Geography and the Politics of Mobility | 2003

Geografie Und Die Politik Der Mobilität

In the last years the concept of Geography undergoes a fundamental transofmration. The increasing circulation of people, goods, and data create new cultural, social, and virtual landscapes, which can not be described by traditional geo-scientific categories. This publication documents projects of five international art collectives, which pursue questions of global miration, changing work environments, and worldwide infromationsystems, and outline alternative models for a new geographic praxis. Art scholars Irit Rogoff, Brian Holmes and media theorist Lisa Parks critically enlight in their theoretical essays the metaphor of Geography towards a new level of knowledge.

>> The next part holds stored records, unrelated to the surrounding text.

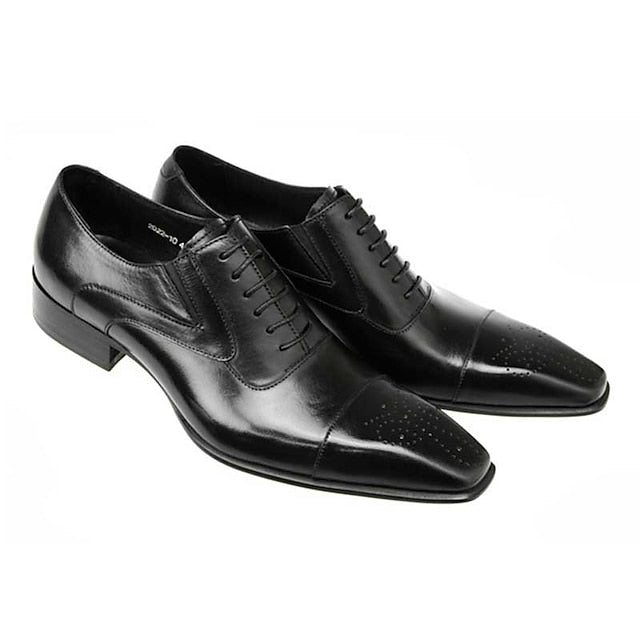 Cap Faux Men's Shoes Oxford Black - Leather Classic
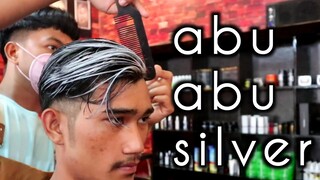 semir rambut abu abu highlights | kombinasi silver yang sangat keren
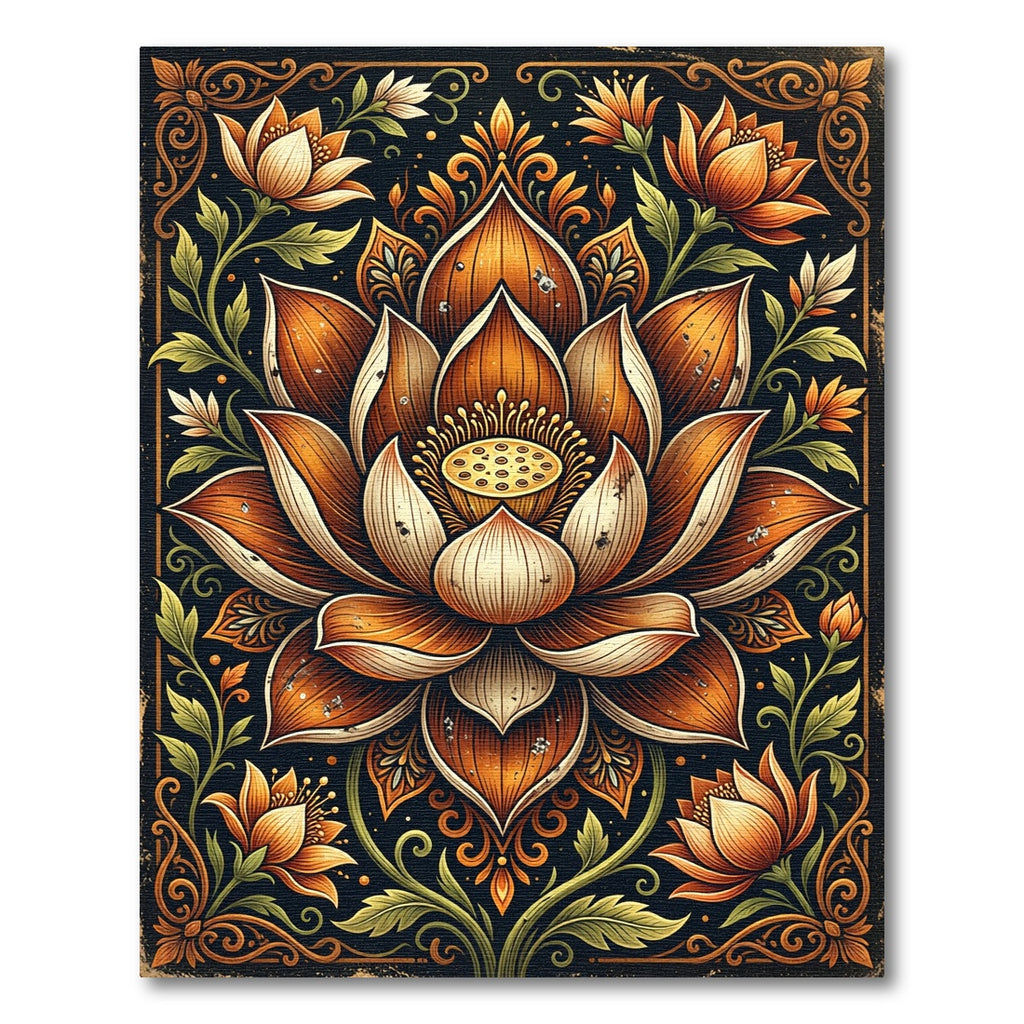 Ornate Amber Lotus Floral Illustration Rug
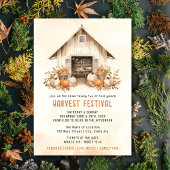 Oranje rustieke Waterverf oogstfestival Kaart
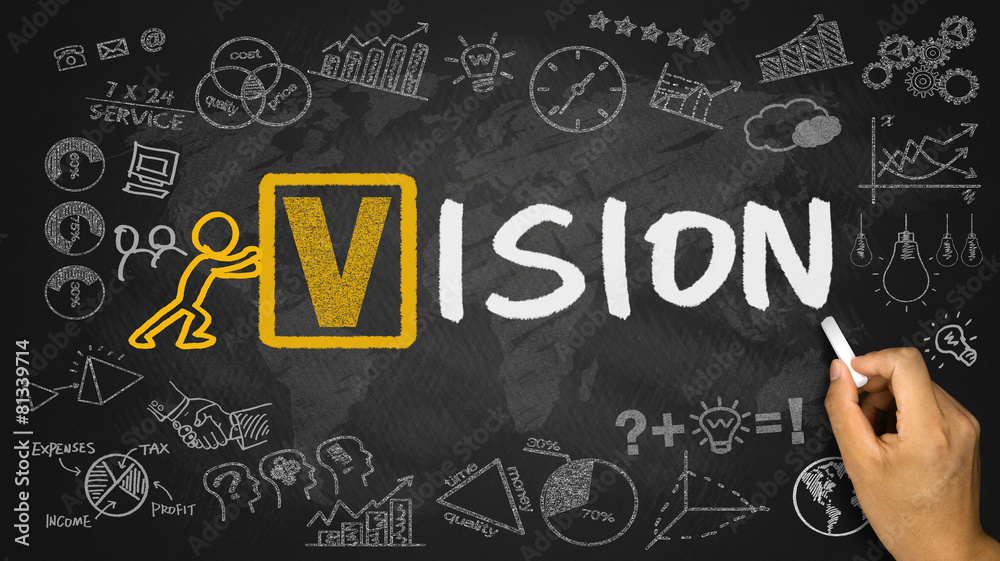 vision concept handwritten on blackboard vision concept handwritten on blackboard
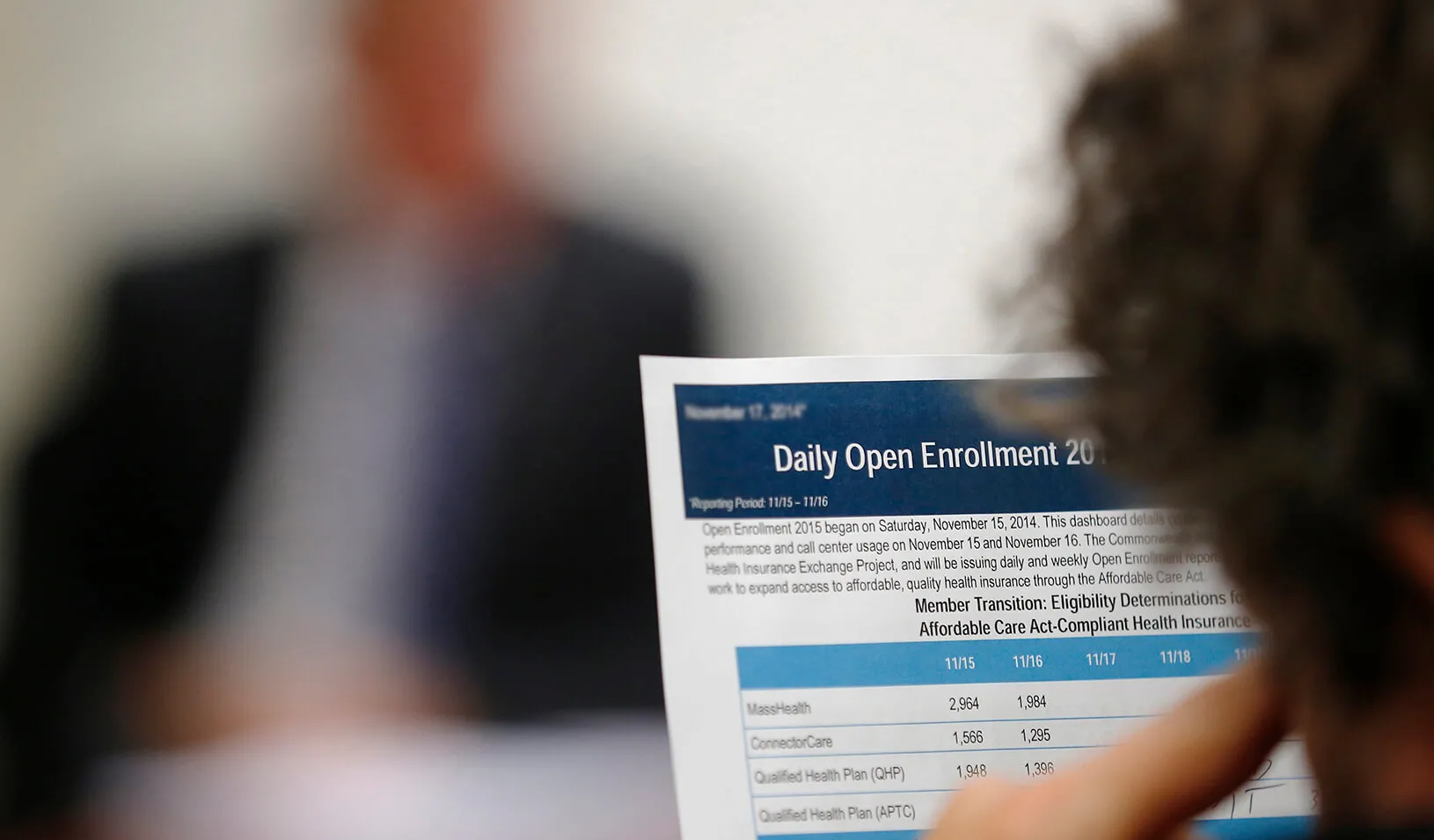 A man reads a health insurance form | Reuters/Brian Snyder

With art projects by Bureau d’étude, Frontera Sur RRVT, Macrolab, multiplicity and Raqs Media Collective.

Introduction

Geography and the Politics of Mobility
Ursula Biemann

The exhibition pursues questions around the transformative quality of locations and geographies at a time when subjects are no longer bound to one particular place. Rather than focussing on the formation of dislocated subjectivities due to global migration or the participation in virtual world-wide activities, Geography and the Politics of Mobility will look at the way places are being constituted through them. One of the recurring questions will be how the human trajectories and the traffic of signs and visual information form particular cultural and social landscapes and inscribe themselves materially in the terrain. Spatial and geographic thinking has gained significance in postmodernism and has become, in the course of globalization, a crucial and most welcome tool of analysis. Geography as a discipline of geophysics is not what interests us here, but the postmodern understanding of geography as a distinct mode of producing and organizing knowledge regarding the way natural, social and cultural conditions relate to one another. The model operates as a theoretical platform from which to think about society in a networked, complex and spatially expanded way that includes concepts of boundaries, connectivity, and transgression. Even though everything seems to be a part of world systemic processes and global networks, the notion of place and location remains important in all this. Only this “place”, or at least the way we conceive of it today, has undergone some major transformation. Geography examines places, which are constituted not only by people who inhabit them, but by connections and movements of all sorts that traverse them on a variety of scales, ranging from local, private and intimate processes to public, economic, transnational and systemic ones.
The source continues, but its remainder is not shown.